Determining Feedthrough Behavior and Defining Feedback Cycles (Control Design and Simulation Module)
The relationship between a function input and output defines the feedthrough behavior of that I/O pair. An I/O pair can have indirect, direct, or parameter-dependent feedthrough behavior. If an I/O pair has indirect feedthrough behavior, you can create a feedback cycle between that input and output. An I/O pair with direct feedthrough behavior does not allow a feedback cycle. The following sections provide more information about these behaviors.
Indirect Feedthrough and Feedback Cycles
Whereas LabVIEW VIs execute only after receiving the value of all inputs to that VI, many Simulation functions can execute without receiving the value of certain inputs. Consider a Simulation function with input u and output y.
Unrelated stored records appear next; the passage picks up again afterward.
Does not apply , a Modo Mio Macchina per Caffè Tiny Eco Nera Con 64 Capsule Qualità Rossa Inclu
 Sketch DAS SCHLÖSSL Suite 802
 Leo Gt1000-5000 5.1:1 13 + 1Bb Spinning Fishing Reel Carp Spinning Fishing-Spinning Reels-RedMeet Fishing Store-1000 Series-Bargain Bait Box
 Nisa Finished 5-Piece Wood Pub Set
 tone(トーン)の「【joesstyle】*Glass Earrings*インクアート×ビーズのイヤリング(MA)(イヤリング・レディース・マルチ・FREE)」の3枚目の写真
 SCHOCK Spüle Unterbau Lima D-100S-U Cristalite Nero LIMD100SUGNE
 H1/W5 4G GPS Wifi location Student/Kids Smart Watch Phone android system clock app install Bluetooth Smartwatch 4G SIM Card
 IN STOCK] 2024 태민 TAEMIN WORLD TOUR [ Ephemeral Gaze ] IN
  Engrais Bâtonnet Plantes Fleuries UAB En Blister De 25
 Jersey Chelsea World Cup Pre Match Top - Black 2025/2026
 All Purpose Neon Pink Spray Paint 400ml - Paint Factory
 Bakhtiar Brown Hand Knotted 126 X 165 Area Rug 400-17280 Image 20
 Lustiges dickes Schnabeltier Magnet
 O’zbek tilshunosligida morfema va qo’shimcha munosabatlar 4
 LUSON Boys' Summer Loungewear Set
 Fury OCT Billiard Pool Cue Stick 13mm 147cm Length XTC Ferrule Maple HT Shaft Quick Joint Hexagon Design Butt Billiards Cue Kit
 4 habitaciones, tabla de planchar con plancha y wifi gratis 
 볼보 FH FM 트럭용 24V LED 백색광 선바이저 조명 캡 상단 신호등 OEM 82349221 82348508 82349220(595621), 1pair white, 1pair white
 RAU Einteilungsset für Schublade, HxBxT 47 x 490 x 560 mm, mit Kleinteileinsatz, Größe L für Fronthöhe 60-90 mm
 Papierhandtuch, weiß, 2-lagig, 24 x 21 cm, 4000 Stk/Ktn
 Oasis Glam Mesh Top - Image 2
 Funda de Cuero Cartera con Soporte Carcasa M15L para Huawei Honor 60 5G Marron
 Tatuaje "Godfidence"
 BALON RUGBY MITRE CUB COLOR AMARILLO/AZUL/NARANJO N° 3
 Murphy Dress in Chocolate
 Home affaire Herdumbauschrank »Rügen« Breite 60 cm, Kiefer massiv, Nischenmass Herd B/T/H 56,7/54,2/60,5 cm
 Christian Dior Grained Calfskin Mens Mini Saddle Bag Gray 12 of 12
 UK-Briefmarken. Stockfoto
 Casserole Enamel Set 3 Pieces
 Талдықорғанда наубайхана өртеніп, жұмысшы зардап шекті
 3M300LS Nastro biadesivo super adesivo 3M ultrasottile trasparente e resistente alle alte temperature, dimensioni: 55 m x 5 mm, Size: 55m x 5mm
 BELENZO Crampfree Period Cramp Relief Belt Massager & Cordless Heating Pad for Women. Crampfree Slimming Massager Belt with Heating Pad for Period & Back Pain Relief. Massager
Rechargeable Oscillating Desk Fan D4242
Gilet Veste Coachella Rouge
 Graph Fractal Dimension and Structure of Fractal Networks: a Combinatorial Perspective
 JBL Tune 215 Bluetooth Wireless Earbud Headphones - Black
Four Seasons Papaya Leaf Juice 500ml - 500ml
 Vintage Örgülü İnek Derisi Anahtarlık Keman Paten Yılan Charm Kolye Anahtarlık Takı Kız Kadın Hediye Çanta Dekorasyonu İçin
At any time step, if the function does not require the value of u to compute the value of y, u has indirect feedthrough to y.
When indirect feedthrough exists between u and y, you can create a feedback cycle between these parameters. In a feedback cycle, the value of y at time t relies on the value of u at time t – dt, t – dt2, and so on.
For example, the input parameter of the Integrator function has indirect feedthrough to the output parameter. You can create a feedback cycle between this input and output. The following figure shows this behavior:
You can use one or more Simulation functions and other LabVIEW functions in a feedback cycle as long as at least one Simulation function in the feedback cycle has indirect feedthrough behavior. The indirect feedthrough function can start the data flow by executing the function output at the current step before receiving an input from the cycle at the current step. Therefore, the input at the current step and the output at the current step must not depend on each other directly in at least one function in the cycle.
The following Simulation functions have at least one I/O pair with indirect feedthrough.
- Discrete Kalman Filter
- Discrete Observer
- Discrete Stochastic State-Space
- Discrete Unit Delay
- Transport Delay
If a function output y requires an input u in order to execute, u has direct feedthrough to y. You cannot create a feedback cycle between inputs and outputs with direct feedthrough.
For example, the initial condition parameter of the Integrator function has direct feedthrough behavior to the output parameter. This function requires a value for the initial condition parameter in order to calculate the output parameter. Other functions, such as Friction, require the values of all inputs in order to execute.
If you attempt to create a feedback cycle between an input and output with direct feedthrough, the wire appears broken. The following figure shows this behavior:
Notice the difference between the previous figure and the figure showing the feedback cycle.
Several functions have feedthrough behavior that depends on how you configure the parameters of that function. For example, consider the Transfer Function function. The feedthrough behavior of this function depends on the order of the numerator and denominator polynomial equations you specify. The following Simulation functions have at least one I/O pair with parameter-dependent feedthrough.
- Transfer Function
- Discrete Filter
- Discrete Integrator
- Discrete Transfer Function
- Discrete Zero-Pole-Gain
- Discrete State-Space
If you use the configuration dialog box to define the parameters of these functions, such as the numerator and denominator of a transfer function, LabVIEW automatically determines the appropriate feedthrough behavior and displays this choice in the Feedthrough pull-down menu. However, if you use block diagram terminals to define the parameters of these functions, you must set the feedthrough behavior manually.
All Simulation functions not mentioned in this section or in the Indirect Feedthrough and Feedback Cycles section have direct feedthrough.